Rosemary Squire is passionate about panto.

As co-founder of the Ambassador group, Ms Squire oversees 24 theatres across the UK with productions including West End musical Guys and Dolls and the forthcoming As You Desire Me, starring Kristin Scott Thomas and Bob Hoskins.

This year the company will launch its first in-house pantomime productions with stars including Simon Callow and Richard Wilson, in conjunction with Clear Channel.

"For most people in this country, pantomime is still the first time that they go to the theatre," says Ms Squire.

"You can have good pantomime and you can have terrible pantomime, but every regional theatre has panto at Christmas."

"It is a genre that's unique to this country."

The fact that there was good theatre in Nottingham certainly changed my life
Rosemary Squire

Growing up in a village outside Nottingham, Ms Squire's own interest in theatre was sparked by the potent cocktail of Richard Eyre and the Nottingham Playhouse in the 1970s.

"The fact that there was good theatre in Nottingham certainly changed my life," says Ms Squire.

"I vividly remember, as an argumentative 16-year-old, the young Richard Eyre coming to my school - in the days when artistic directors came out to schools - and me haranguing him about the price of programmes."

"I never particularly wanted to act or perform," she adds. "I guess my skills were organisational, administrative and financial - I was always treasurer," says Ms Squire.

"But I loved the work, and I understood how important it was."

"If I'm evangelical about something, it would be improving the quality of regional theatre in this country."

James Nesbitt
James Nesbitt stars in Shoot the Crow, a rare new work for the West End

Juggling artistic sensibilities with commercial interests is a talent that Ms Squire has put to good use.

Since joining Ambassador in 1997, she has spearheaded the company's phenomenal expansion, adding 17 theatres to the group's portfolio in the past six years.
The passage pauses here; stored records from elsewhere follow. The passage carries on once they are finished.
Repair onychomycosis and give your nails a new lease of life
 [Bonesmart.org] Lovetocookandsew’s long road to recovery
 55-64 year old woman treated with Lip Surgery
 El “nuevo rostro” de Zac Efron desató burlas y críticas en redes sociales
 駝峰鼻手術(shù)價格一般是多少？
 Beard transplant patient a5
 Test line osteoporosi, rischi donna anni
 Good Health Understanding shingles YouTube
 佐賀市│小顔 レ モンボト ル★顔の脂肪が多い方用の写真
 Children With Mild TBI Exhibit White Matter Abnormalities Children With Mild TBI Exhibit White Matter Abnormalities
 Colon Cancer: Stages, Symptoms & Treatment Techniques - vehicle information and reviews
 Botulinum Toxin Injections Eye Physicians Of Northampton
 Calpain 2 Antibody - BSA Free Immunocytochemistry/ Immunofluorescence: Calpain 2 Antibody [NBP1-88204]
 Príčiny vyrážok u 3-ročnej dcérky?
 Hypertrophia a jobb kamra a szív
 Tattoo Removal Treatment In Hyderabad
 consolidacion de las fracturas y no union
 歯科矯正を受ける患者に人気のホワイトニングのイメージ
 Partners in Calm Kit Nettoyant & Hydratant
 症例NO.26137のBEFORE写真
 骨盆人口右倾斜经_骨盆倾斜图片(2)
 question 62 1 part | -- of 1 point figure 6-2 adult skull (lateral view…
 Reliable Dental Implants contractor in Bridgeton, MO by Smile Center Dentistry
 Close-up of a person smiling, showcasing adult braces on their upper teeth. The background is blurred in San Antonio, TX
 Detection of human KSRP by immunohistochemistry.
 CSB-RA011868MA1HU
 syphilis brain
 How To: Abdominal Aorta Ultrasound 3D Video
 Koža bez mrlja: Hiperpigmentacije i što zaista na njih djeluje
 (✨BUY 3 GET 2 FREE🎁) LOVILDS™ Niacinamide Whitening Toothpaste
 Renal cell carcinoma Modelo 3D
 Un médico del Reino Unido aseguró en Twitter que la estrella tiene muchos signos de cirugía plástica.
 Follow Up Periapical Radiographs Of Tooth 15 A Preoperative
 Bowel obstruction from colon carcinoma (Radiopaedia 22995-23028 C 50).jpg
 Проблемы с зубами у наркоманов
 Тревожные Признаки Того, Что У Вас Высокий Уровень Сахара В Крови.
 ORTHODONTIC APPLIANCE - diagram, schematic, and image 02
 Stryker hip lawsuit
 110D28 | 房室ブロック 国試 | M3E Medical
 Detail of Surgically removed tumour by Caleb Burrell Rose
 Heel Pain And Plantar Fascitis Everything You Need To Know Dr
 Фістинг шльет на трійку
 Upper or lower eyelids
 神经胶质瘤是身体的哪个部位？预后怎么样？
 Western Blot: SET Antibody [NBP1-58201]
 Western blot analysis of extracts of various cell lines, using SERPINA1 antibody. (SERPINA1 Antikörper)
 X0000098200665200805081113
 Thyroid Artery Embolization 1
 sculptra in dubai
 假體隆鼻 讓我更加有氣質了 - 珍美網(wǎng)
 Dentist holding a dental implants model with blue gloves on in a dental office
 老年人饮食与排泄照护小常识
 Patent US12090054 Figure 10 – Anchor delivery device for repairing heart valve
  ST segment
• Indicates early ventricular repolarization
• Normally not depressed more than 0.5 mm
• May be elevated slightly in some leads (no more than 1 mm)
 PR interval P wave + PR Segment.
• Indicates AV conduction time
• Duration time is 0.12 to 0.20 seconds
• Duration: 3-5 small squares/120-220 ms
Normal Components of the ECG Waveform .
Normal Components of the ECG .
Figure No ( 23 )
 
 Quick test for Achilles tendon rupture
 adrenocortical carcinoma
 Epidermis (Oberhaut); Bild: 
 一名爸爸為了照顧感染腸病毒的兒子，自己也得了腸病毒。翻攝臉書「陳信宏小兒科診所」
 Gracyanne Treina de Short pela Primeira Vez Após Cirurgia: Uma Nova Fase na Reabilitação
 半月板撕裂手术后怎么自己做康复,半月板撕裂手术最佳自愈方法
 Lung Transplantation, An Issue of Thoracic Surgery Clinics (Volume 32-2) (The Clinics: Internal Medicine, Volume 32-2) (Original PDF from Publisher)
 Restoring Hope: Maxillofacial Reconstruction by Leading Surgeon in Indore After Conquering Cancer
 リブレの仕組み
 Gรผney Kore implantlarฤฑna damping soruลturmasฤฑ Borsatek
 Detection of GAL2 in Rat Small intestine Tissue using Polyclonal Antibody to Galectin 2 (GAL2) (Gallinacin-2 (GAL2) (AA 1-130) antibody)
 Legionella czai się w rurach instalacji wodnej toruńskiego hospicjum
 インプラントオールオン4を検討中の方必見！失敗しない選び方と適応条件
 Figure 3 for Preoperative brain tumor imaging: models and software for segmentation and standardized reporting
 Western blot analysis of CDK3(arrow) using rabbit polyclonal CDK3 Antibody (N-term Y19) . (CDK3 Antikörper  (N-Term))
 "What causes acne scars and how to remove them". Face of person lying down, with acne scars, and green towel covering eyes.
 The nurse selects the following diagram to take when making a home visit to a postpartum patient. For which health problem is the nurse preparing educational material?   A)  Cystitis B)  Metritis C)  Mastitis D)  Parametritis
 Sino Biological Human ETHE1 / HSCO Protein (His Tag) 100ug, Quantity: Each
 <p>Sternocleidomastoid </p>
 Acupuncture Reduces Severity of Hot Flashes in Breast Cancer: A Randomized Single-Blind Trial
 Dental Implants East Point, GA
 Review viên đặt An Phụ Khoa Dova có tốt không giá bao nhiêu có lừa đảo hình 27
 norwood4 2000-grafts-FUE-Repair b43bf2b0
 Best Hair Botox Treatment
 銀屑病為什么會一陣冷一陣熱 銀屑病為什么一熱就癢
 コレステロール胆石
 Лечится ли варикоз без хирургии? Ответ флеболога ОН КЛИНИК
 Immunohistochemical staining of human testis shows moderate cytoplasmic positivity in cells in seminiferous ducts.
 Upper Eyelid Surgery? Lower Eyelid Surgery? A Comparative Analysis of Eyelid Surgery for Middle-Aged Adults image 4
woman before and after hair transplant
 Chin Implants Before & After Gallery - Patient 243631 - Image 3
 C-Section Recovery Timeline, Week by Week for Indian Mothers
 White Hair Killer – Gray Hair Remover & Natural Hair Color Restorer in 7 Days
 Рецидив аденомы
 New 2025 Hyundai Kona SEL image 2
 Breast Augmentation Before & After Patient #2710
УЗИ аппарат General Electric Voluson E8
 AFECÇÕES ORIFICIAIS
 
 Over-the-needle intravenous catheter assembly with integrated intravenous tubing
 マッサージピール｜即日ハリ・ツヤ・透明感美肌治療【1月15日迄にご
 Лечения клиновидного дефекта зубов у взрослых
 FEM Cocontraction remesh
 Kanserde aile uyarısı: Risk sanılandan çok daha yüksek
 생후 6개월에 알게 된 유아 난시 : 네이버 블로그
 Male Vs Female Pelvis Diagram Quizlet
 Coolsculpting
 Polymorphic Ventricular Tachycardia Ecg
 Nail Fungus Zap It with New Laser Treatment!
Earlier this week the group acquired its 11th theatre in the West End, when it jointly purchased the 1,200-seat Savoy Theatre, with a view to producing more large-scale musicals along the lines of Guys and Dolls.

She describes the London productions as "a bit like having a shop window".

"In London you are competing with the whole of the West End - so you need to find a combination of subject matter that appeals, and casting that people want to see."

"A lot of our London theatres are playhouses, which only attract tourists with English as a first language, so we are looking to diversify." says Ms Squire.

"Celebrity casting definitely helps."

Zoe Hardman and Ewan McGregor in Guys and Dolls
Squire hopes to repeat the success of Guy and Dolls at the Savoy Theatre

"When you get a star like Ewan McGregor in Guys and Dolls you will sell out, but it's not very often that a huge international star like Ewan wants to do stage work for seven months of his career."

"It's a question of getting the appropriate casting with the appropriate material," citing the new play Shoot The Crow, starring James Nesbitt, who was in ITV1 hit series Cold Feet.

As newly-elected president of Society of London Theatres (SOLT), Ms Squire is also keen to push forward plans for Sunday opening in the West End.

Despite the technicians' union Bectu reaching agreement on Sunday opening earlier this year, there are still issues to be ironed out with actors' union Equity.

The union has hoping to win their members an additional payment on top of current salaries in return for working on a Sunday.

I'm not remotely in the art for art's sake camp
Rosemary Squire

"Sunday opening is certainly one of my priorities," says Ms Squire, who became only the second woman to head SOLT in June.

"Even with the limited hours, Sunday is still the second busiest trading day of the week in retail."

"The reality is that times have changed, and people want to spend their leisure time going to the cinema and theatre."

Some shows, such as The Lion King and Chitty Chitty Bang Bang, are already showing on Sunday.

"It took time on Broadway, but now the second most important performance of the week is the Sunday matinee. I think it will happen here too."